Equidade racial na Pacto
À frente da construção da política de equidade racial da Pacto – por ora chamada de Diretrizes para a Equidade Racial -, ao lado de Beatriz, a pesquisadora analisa o papel da prática de monitoramento e avaliação nesse processo, destacando inspirações que podem servir a outras organizações, sejam elas empresas ou organizações da sociedade civil.
“É um caminho que está sendo construído, pedrinha a pedrinha, e vem se desdobrando em um conjunto de propostas elaboradas por toda a equipe, que já começaram a ser implementadas. Dentre elas está a chegada de mais pessoas negras, sócias inclusive, para integrar a equipe da Pacto. É inegável que esse é um passo fundamental para o começo de qualquer organização que se proponha a atuar contra o racismo brasileiro, mas, não podemos deixar de lado a retenção desses profissionais.”
De modo mais amplo, a intenção é tornar a raça uma categoria analítica que perpasse todos os processos guiados pela Pacto, conta a pesquisadora.

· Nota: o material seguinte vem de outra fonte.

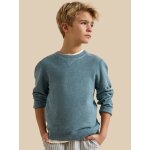 Pull maille fantaisie orage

“Considero o uso da lente racial em todos os processos guiados; a criação de estratégias de letramento racial, dentro e fora da organização; e a contratação e criação de mecanismos de retenção de profissionais negros/as três diretrizes fundamentais que, a meu ver, ultrapassam os contornos organizacionais ao movimentar todo o ecossistema da Pacto. Atitudes e práticas potencializam a luta em prol da equidade racial.”